Over at Rock Stock Insider — the new investment service launched by our friends at Fat Tail Media — Aussie gold guru Shae Russell also sees gold stalling for a few more weeks. Then — tariff war or not — she expects it to rocket, with US$2,000 an ounce well within reach.

Mainstream analysts, as you’d expect, are a bit more…well…mainstream. It can be scary, after all, to wander too far away from the herd.

But even most mainstream pundits are predicting another big leg up for gold next year.

I’ve covered some of them for you earlier this week. Goldman Sachs and UBS Group both forecast gold to hit US$1,600 next year.

Today Commonwealth Bank commodities and energy analyst Vivek Dhar joins the pack. According to The Age,Mr Dhar says the prospects of the spot gold price hitting $US1,600 per ounce next year are “reasonable”.’

How’s that for going out on a limb?

Look. whether gold pops to US$1,600 per ounce or all the way to US$2,000 it will mean good news for investors holding physical gold…and gold stocks. Not to mention government coffers.

South Australia and Victoria are already in the early stages of a new gold rush.

From The Age:

Gold is among the most significant contributors to Victoria’s resources sector, rising 18 per cent to $613.3 million in 2017-18…

The total amount of gold extracted in Victoria reached 364,225 ounces in 2017-18, an increase of almost 17 per cent on the previous financial year.

State authorities expect the growth in gold to continue.

Now there are a lot of companies…big and small…out there hunting for gold. A few will strike the motherlode. Many others will come up empty.

That’s why Shae Russell has developed a unique process for vetting gold stocks before she even considers recommending them to her subscribers. That doesn’t mean every one of her recommendations will strike it rich. But it does help eliminate a large swathe of gold explorers Shae believes are searching the wrong patches of dirt.
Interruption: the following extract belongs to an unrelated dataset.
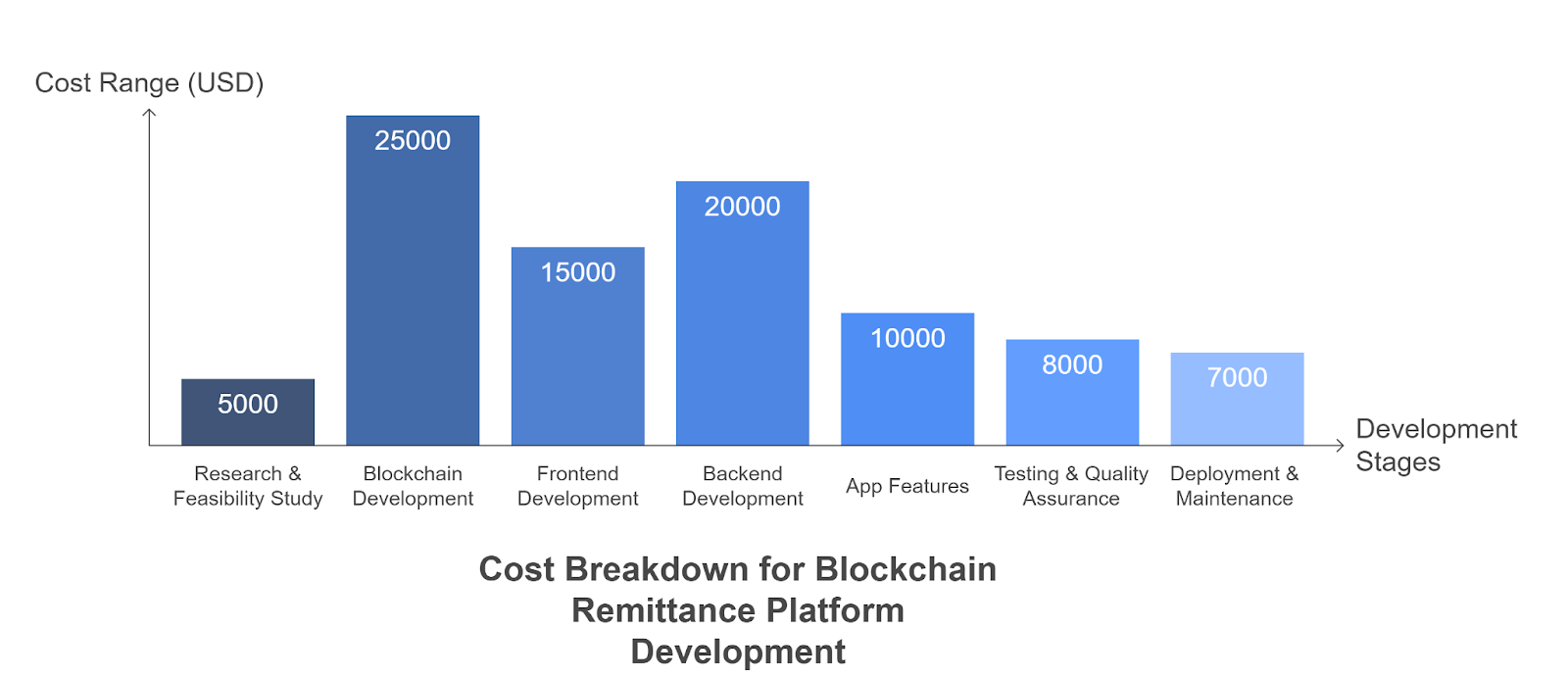 Cost of Developing a Blockchain Remittance Platform like Ripple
In her new report, Shae makes five recommendations that offer you four ways to gain exposure to gold’s new boom time.

  • As a short-term trade…
  • As a longer-term income play…
  • As a play on a possible explosion in demand for physical gold…
  • As a hedge against a financial or stock market crash.

And I haven’t even mentioned her gold USB stick yet. That’s packed with useful insights and interviews with some of the world’s top names in the gold sector.

Like Rick Rule.

(Details here…)

I’ll share an excerpt with you right after we check in on the markets…

Markets

Overnight, the Dow Jones Industrial Average closed up 29.58 points, or 0.11%.

The S&P 500 closed up 9.11 points, or 0.29%.

In Europe the Euro Stoxx 50 index closed up 15.57 points, or 0.43%. Meanwhile, the FTSE 100 gained 0.03%, and Germany’s DAX closed up 76.02 points, or 0.58%.

In Asian markets Japan’s Nikkei 225 is up 51.221 points, or 0.22%. China’s CSI 300 is down 0.11%.

The S&P/ASX 200 is down 42.74 points, or 0.62%.

West Texas Intermediate crude oil is US$58.92 per barrel. Brent crude is US$63.72 per barrel.

Turning to gold, the yellow metal is trading for US$1,474.88 (AU$2,146.84) per troy ounce. Silver is US$16.87 (AU$24.56) per troy ounce.

One bitcoin is worth US$7,197.92.

The Aussie dollar is worth 68.70 US cents.

Hunting for rocks

You’ve probably heard of Rick Rule.

He’s the CEO of Sprott US Holdings. And widely acknowledged as one of the world’s foremost authorities on all things gold.

As Shae says, ‘When it comes to companies hunting or digging up rocks, Rick knows what to look for.

Shae managed to snare Rick of an exclusive interview. I can’t tell you everything they said. That’s all captured on the golden USB stick I mentioned earlier, reserved for subscribers.

But here’s an excerpt:

Shae:

Now, first of all, what I want to do is I want to talk about your views on gold and how you see where gold fits with the US dollar. Is gold essentially challenging the validity of the US dollar at the moment?

Rick:

I think there was a point in time when gold did challenge the US dollar, likely before you were born in the 1970s — well within my memory span.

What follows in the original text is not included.